Captioned web image data
········
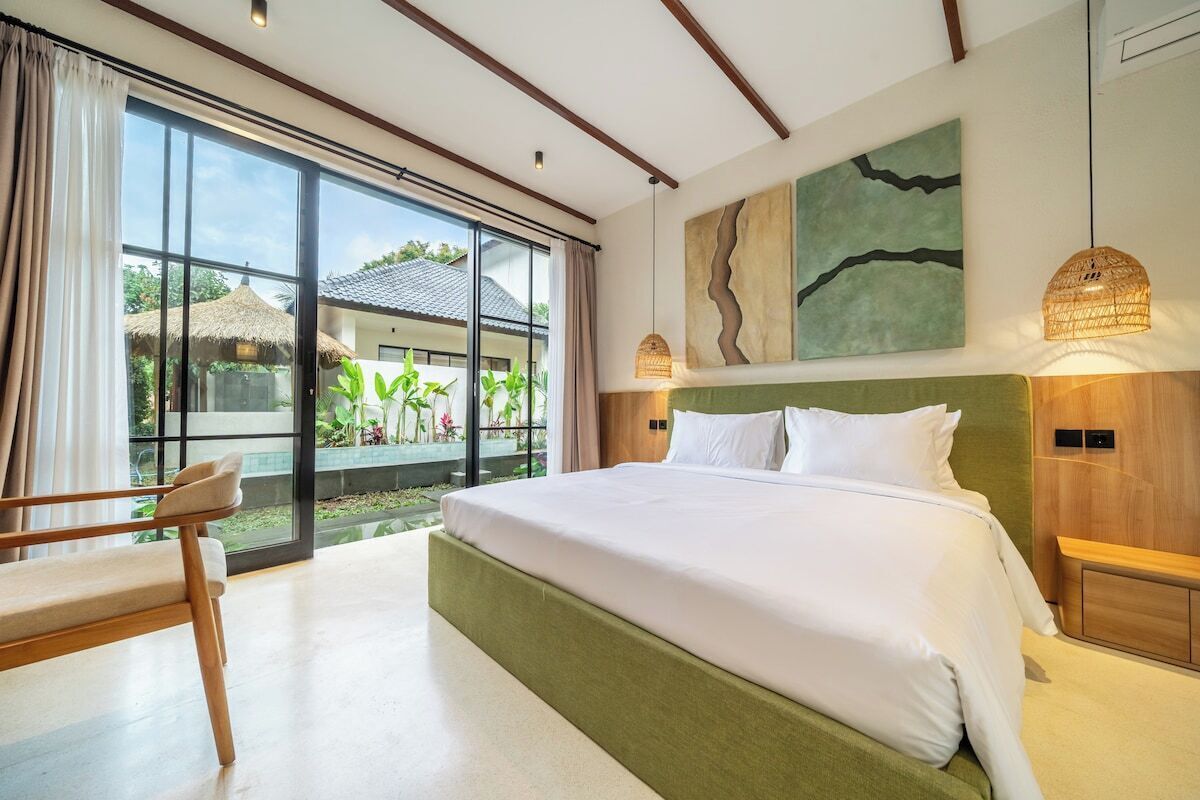 A hotel room with a large bed, a chair, a view of the outdoors, and artwork on the wall.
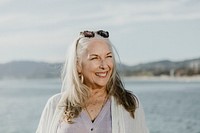 Happy senior woman by the sea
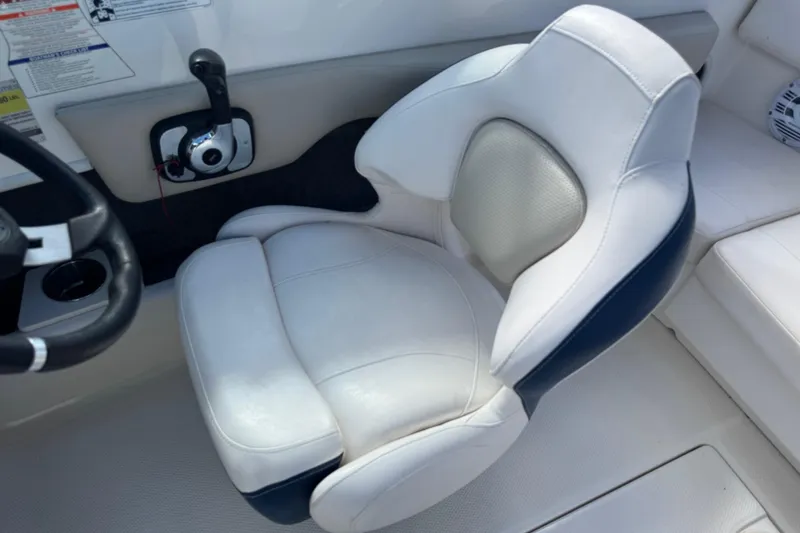 Slide: The Image of 2011 Chaparral 186 SSi boat interior with white captain's seat and steering wheel. - 6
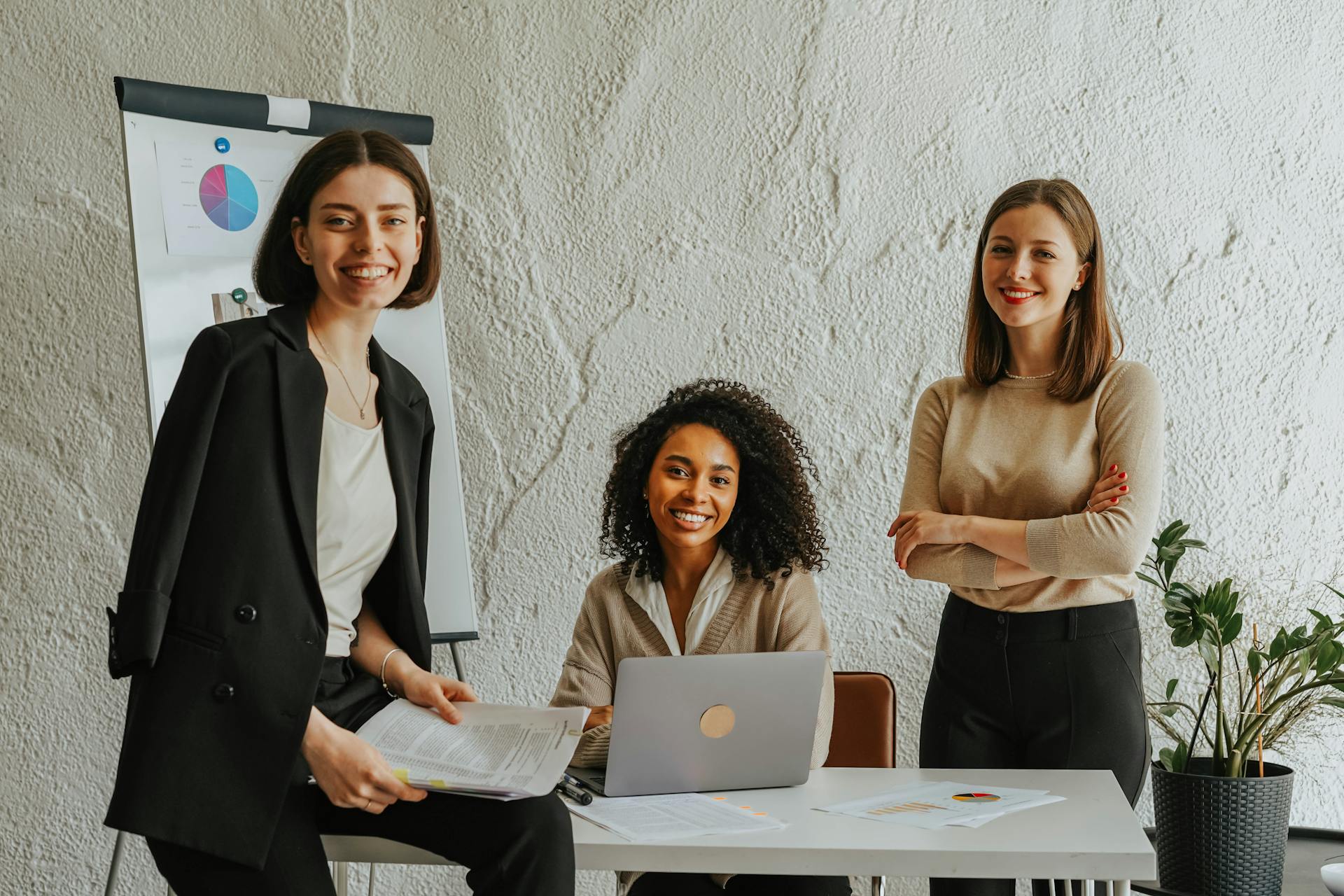 Three businesswomen meeting at a table, using a laptop and presenting charts in a modern office.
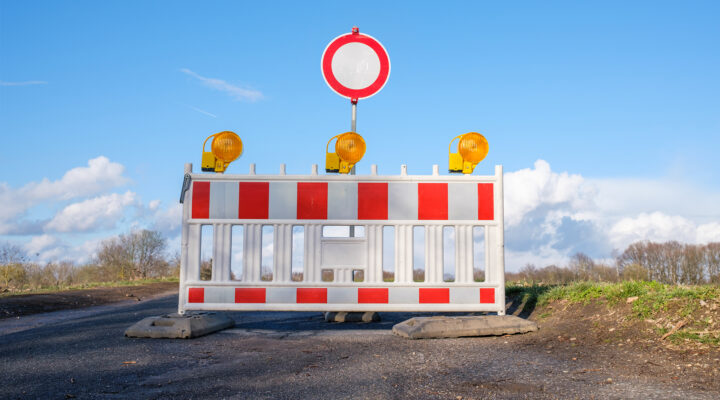 Straßensperre mit rot-weißer Absperrbake und drei gelben Warnleuchten sowie rundem Durchfahrtsverbotsschild auf einer ländlichen Straße unter blauem Himmel.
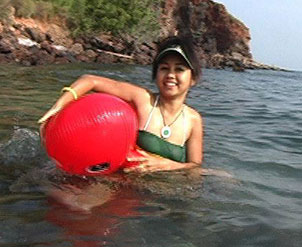 Joon Mali sits on inflatable whale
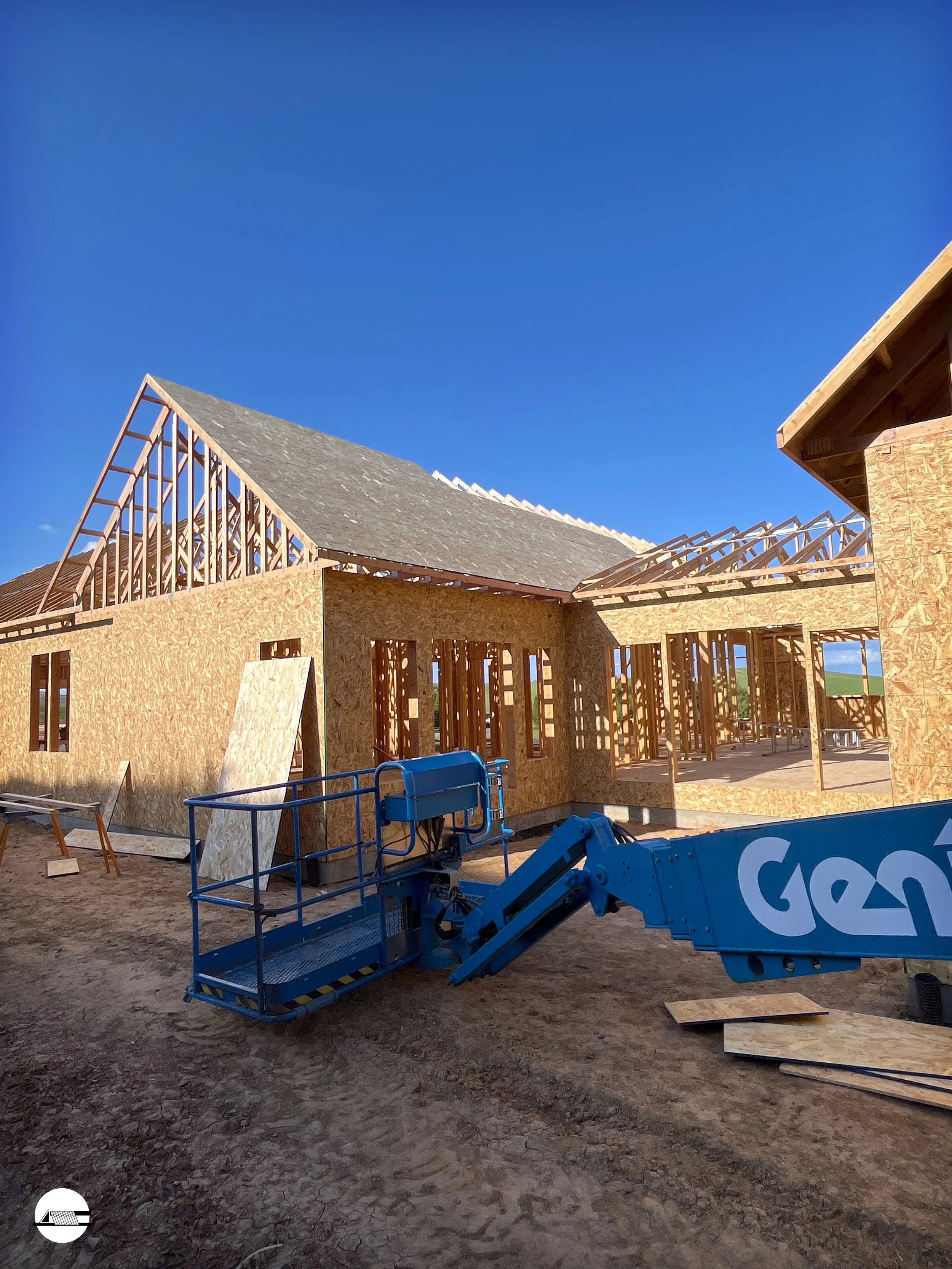 Construction site with wooden framing for a house, partially built, under a clear blue sky, with a blue lift equipment in the foreground.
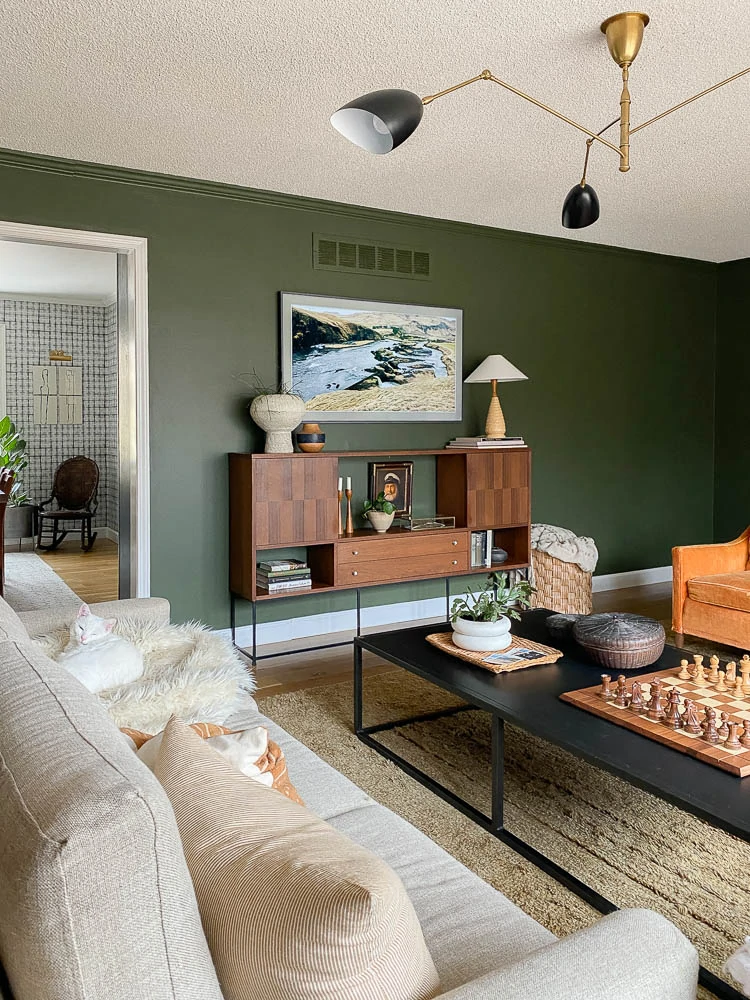 eclectic living room with a wood media console with shelving under the tv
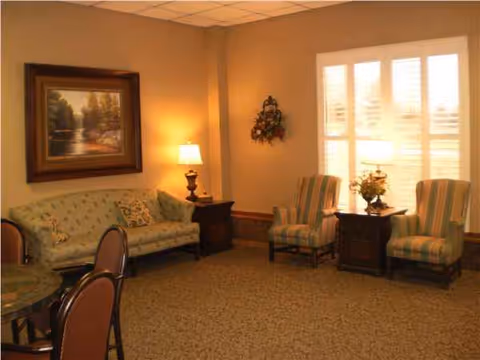 A cozy senior living lounge with sofa, armchairs, lamps, and wall art.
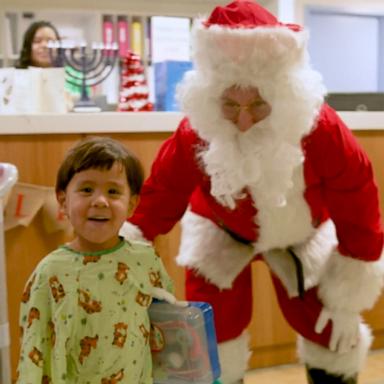 VIDEO: Watch the heartwarming moment a little boy runs up and hugs Santa Claus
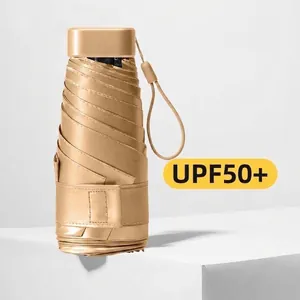 Premium portable 5-fold mini pocket umbrella in gold finish with UPF 50+ UV protection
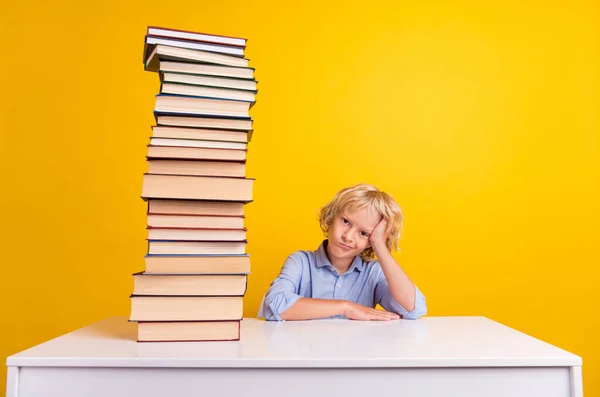 Foto de niño pequeño cansado con libros usan camisa azul aislada sobre fondo de color amarillo — Foto de Stock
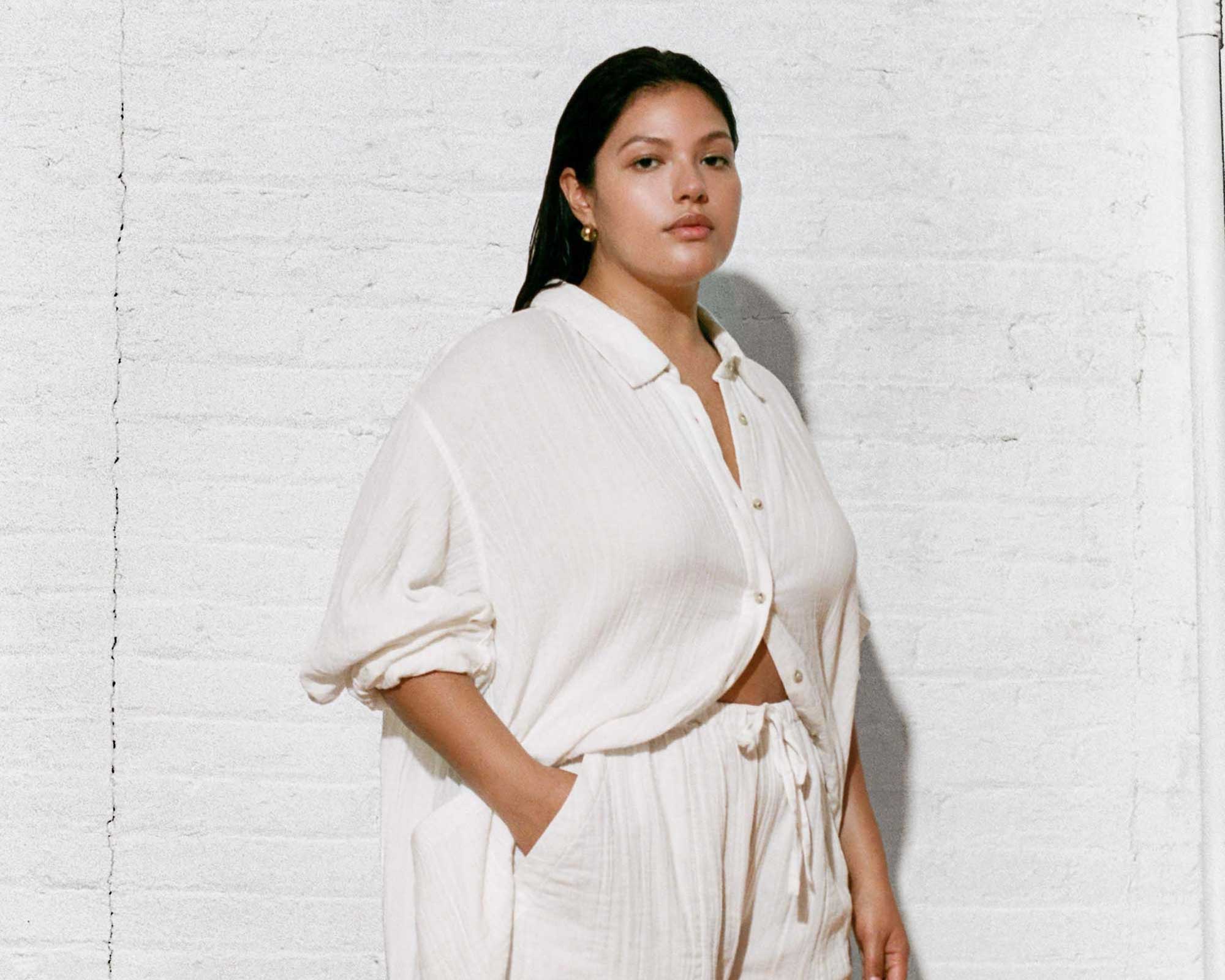 Plus size person in a cream linen button up and pants by FRANC standing with their hand in their pocket against a white brick background.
········
Task goal | Copy word for word the lines above, starting at the line containing "VIDEO: Watch the" and ending at the line containing "Foto de niño", inclusive, with no pictures.

Output for this exercise |
 VIDEO: Watch the heartwarming moment a little boy runs up and hugs Santa Claus
 Premium portable 5-fold mini pocket umbrella in gold finish with UPF 50+ UV protection
 Foto de niño pequeño cansado con libros usan camisa azul aislada sobre fondo de color amarillo — Foto de Stock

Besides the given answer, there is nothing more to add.